Most of the spirits and gnomes fled. The trolls stayed. Today, they live mostly under bridges and in the shallow mucky ditches beneath the metal grating on farm roads that cows are afraid to cross. Be sure to honk your horn before driving over one of these.

A troll may be hanging from the grate, swinging over its living room, as they are apt to do after rolling in muck and manure.

If you don’t give a warning honk, you may run over its fingers, and it’s not a great idea to get either your name or your license plate number on a troll’s shite list.

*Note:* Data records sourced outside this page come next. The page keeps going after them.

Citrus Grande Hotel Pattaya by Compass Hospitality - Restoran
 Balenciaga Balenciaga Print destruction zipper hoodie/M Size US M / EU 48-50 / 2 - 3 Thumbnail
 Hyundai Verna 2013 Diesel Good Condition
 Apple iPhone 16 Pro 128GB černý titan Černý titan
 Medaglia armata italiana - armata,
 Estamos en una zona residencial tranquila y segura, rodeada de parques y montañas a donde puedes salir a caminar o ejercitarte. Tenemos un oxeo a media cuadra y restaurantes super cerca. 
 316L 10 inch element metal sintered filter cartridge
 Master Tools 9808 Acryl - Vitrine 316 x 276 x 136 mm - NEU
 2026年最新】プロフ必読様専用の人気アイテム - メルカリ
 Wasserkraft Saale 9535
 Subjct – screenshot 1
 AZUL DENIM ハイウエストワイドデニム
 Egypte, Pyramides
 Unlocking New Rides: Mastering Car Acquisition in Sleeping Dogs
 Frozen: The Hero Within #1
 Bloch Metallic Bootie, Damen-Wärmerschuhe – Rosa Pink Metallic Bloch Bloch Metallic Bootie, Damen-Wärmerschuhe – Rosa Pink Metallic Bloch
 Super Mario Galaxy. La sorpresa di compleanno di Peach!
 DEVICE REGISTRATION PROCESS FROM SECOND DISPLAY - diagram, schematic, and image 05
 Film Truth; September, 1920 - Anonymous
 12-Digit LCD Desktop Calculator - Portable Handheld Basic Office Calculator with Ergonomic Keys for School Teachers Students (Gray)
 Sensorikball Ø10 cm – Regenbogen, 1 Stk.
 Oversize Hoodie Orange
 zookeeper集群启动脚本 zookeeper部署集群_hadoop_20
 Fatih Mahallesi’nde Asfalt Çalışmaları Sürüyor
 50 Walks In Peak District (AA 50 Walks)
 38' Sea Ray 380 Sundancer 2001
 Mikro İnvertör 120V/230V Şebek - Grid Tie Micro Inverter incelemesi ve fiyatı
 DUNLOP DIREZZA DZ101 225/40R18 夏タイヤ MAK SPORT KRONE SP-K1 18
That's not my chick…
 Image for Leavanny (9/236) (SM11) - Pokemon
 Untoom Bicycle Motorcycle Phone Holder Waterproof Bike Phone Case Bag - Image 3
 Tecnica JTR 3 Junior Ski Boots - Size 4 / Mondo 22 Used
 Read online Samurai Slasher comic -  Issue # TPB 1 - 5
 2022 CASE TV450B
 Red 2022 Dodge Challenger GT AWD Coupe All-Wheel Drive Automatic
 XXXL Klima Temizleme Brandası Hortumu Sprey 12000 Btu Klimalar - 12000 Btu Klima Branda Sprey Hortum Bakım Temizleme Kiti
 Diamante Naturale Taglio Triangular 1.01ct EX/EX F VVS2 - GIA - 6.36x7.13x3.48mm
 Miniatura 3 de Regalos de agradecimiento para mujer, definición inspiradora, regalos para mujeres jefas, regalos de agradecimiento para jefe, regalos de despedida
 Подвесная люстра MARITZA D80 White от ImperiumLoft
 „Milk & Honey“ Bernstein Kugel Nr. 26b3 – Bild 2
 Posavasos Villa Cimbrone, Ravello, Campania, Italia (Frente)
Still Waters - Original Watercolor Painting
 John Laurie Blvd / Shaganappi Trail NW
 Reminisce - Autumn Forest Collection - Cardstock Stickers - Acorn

Now, there is little wild land left at all, and even that is shrinking at an unprecedented rate. There is simply not enough wild space for all the gnomes and elves, fauns and fairies, goblins, ogres, trolls and bogies, nymphs, sprites, and dryads.

So where are they? Are they dead?No. So, where did they go?

The answer is a bit surprising. They didn’t go anywhere. We did. Early humans had an intuitive knowledge of their role in nature, just as bears and raccoons and mice and every other critter does. They understood, from the ways of the wild around them, that nothing ever comes from nowhere and nothing ever just disappears. Things change form. Death is necessary for life to continue. They offered up their kills as sacrifices to the gods of nature.

They offered praise, prayer, sacrifice and song to the spirits of the wild, to brother buffalo, brother deer, and brother tree.

Somewhere not so far from here, in the real world, the ancient forests are still standing, the buffalo roams the prairies, the sky is full of condors, the deer and the antelope play, and dodo birds still wander the sandy beaches, bumping into things.

Where there are still wild lands in our dream world, strong connections still exist. Bridges, tunnels, portals. Occasionally a traveller will get lost in the wilderness and find himself in the real world, returning the next day to find that a hundred years have passed, or never returning at all.